Privileged Information Distillation for Language Models

Training-time privileged information (PI) can enable language models to succeed on tasks they would otherwise fail, making it a powerful tool for reinforcement learning in hard, long-horizon settings. However, transferring capabilities learned with PI to policies that must act without it at inference time remains a fundamental challenge. We study this problem in the context of distilling frontier models for multi-turn agentic environments, which typically hide their internal reasoning and expose only action trajectories. This breaks standard distillation pipelines, since successful behavior is observable, but the reasoning process is not. For this, we introduce π-Distill, a joint teacher-student objective that trains a PI-conditioned teacher and an unconditioned student simultaneously using the same model. Additionally, we also introduce On-Policy Self-Distillation (OPSD), an alternative approach that trains using Reinforcement Learning (RL) with a reverse KL-penalty between the student and the PI-conditioned teacher. We show that both of these algorithms effectively distill frontier agents using action-only PI. Specifically, we find that π-Distill and, in some cases, OPSD, outperform industry standard practices (Supervised finetuning followed by RL) that assume access to full Chain-of-Thought supervision across multiple agentic benchmarks, models, and forms of PI. We complement our results with extensive analysis that characterizes the factors enabling effective learning with PI, focusing primarily on π-Distill and characterizing when OPSD is competitive.

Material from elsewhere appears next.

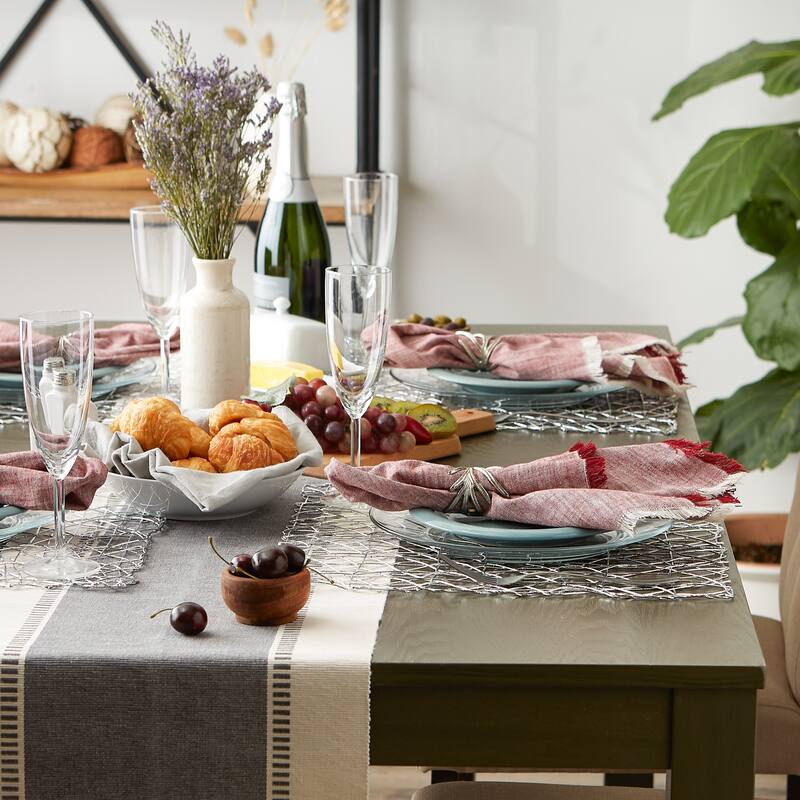 Design Imports Woven Paper Kitchen Placemat Set (Set of 6)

翻译：训练时的特权信息（PI）能够使语言模型在原本会失败的任务上取得成功，这使其成为困难、长周期场景中强化学习的强大工具。然而，将借助PI学到的能力迁移到推理时必须无PI运行的策略上，仍然是一个根本性挑战。我们在为多轮智能体环境蒸馏前沿模型的背景下研究此问题，这类环境通常隐藏其内部推理过程，仅暴露动作轨迹。这打破了标准蒸馏流程，因为成功的行为是可观测的，但推理过程却不可见。为此，我们提出了π-Distill，这是一种联合师生目标，使用同一模型同时训练一个PI条件化的教师模型和一个无条件化的学生模型。此外，我们还提出了策略上自蒸馏（OPSD），这是一种替代方法，它通过强化学习（RL）进行训练，并在学生模型与PI条件化教师模型之间施加反向KL惩罚。我们证明这两种算法都能有效地利用仅含动作的PI来蒸馏前沿智能体。具体而言，我们发现π-Distill以及在某些情况下的OPSD，在多个智能体基准测试、模型和PI形式上，均优于假设能获得完整思维链监督的行业标准实践（监督微调后接RL）。我们通过广泛的分析来补充实验结果，这些分析刻画了实现PI有效学习的因素，主要聚焦于π-Distill，并阐明了OPSD在何种情况下具有竞争力。